Cependant, la plupart des expérimentations évaluent les contraintes mises en jeu du point de vue de l’allocutaire, que ce soit à propos du traitement syntaxique (Frazier & Fodor, 1978 ; Gibson, 1998, 2000) ou du traitement anaphorique (Ariel, 1990 ; Reboul, 1989). Certains travaux questionnent ces deux perspectives en s’intéressant à celle du locuteur (J. E. Arnold, Wasow, Asudeh, & Alrenga, 2004 ; J. E. Arnold, Wasow et al., 2000).

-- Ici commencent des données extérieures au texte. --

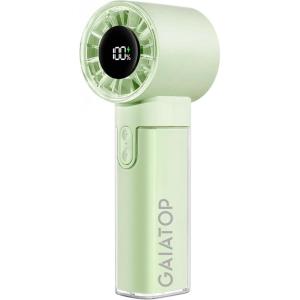 imageGaiatop Portable Handheld Turbo Fan 1100 Adjustable High Speeds 320Hrs Cooling Times 4800mAh USB Rechargeable Portable Small Hand Fans with Lanyard for Outdoor Travel Home Make Up PurpleGreen
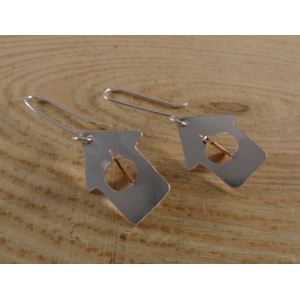 Sterling Silver and Copper Bird House Earrings Sterling Silver and Copper Bird House Earrings
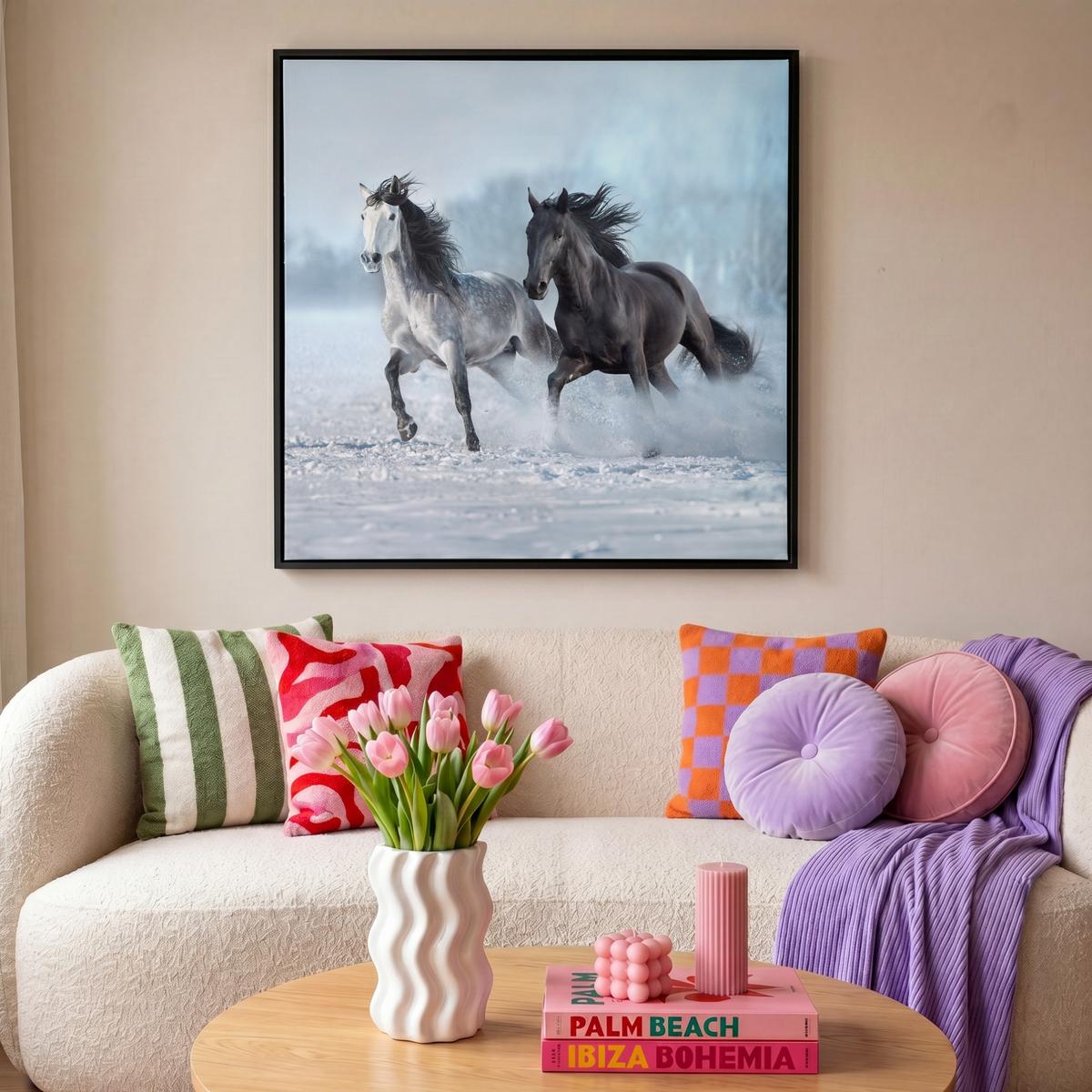 LEINWAND Bilder mit Rahmen - Pferde - Winter - Tiere - Natur - Schnee - 90x90 - Anthrazit, Textil (90/90cm) - MuchoWow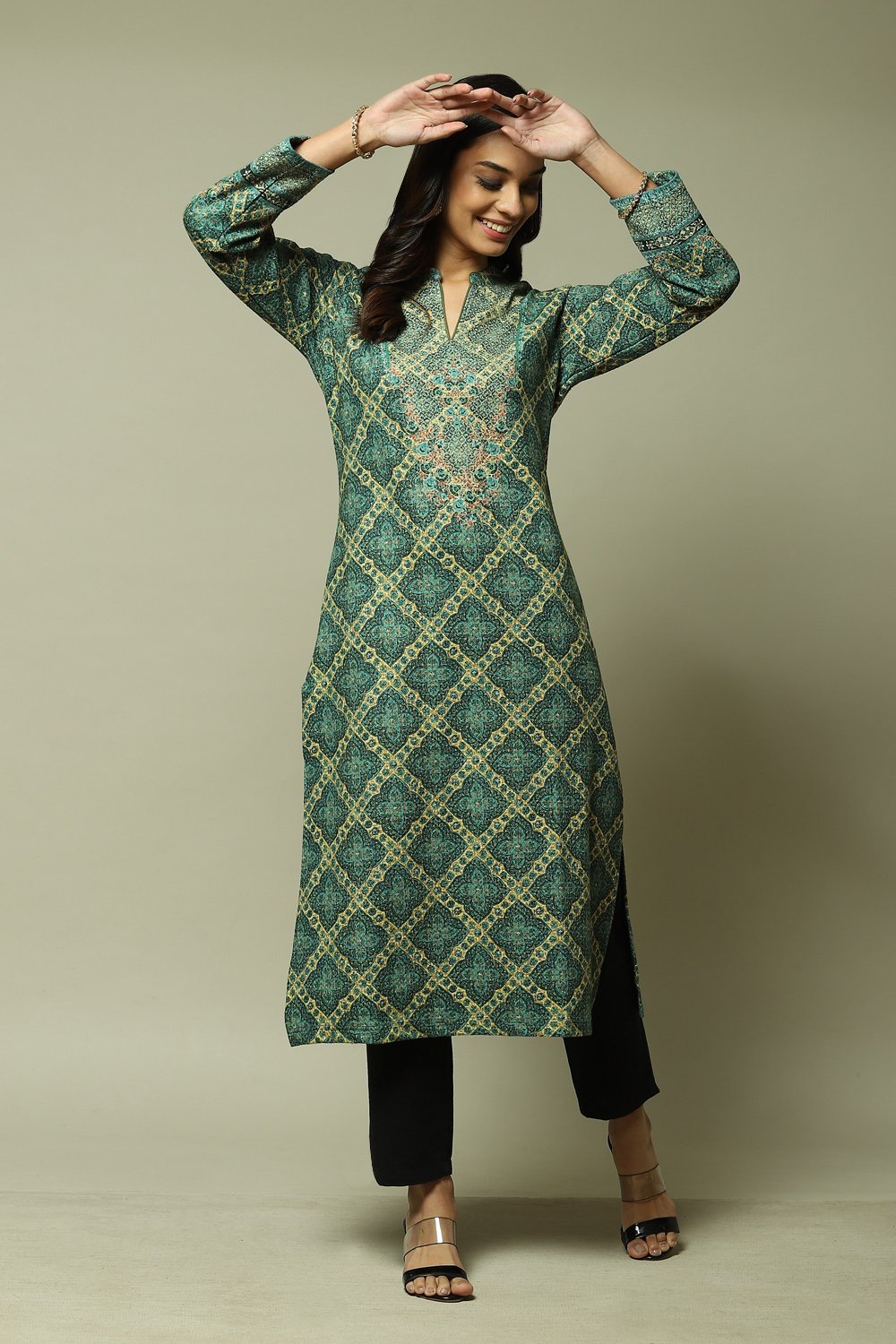 Orange Acrylic Straight Printed Kurta image number 5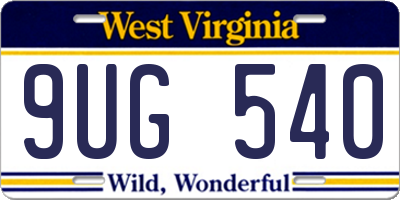 WV license plate 9UG540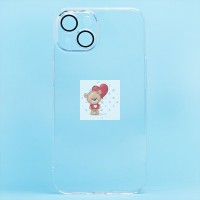 Чехол-накладка для Apple iPhone 14 (прозрачный) - PC073 с закрытой камерой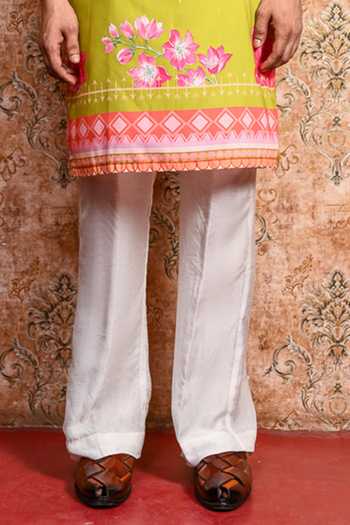 Yajy By Aditya Jain_Green Muslin Anondomoy Printed Kurta And Pant Set _Online_at_Aza_Fashions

Arnold et al.(2004, 2000) étudie par exemple la production de phrases et comment des critères tels que la nouveauté de l’information et la complexité de l’expression référentielle influencent l’ordre des constituants de la phrase, dans une étude de corpus et lors d’une tâche de production élicitée.

Il serait intéressant d’évaluer les hypothèses formulées dans le cadre de cette thèse à l’aide d’une expérience d’élicitation, comme celle de Brennan (1995) ou celle d’Arnold et al. (2000), bien qu’il semble difficile de concevoir une tâche où les participants produiraient une phrase contenant une proposition relative et les deux formes de relativiseurs possibles.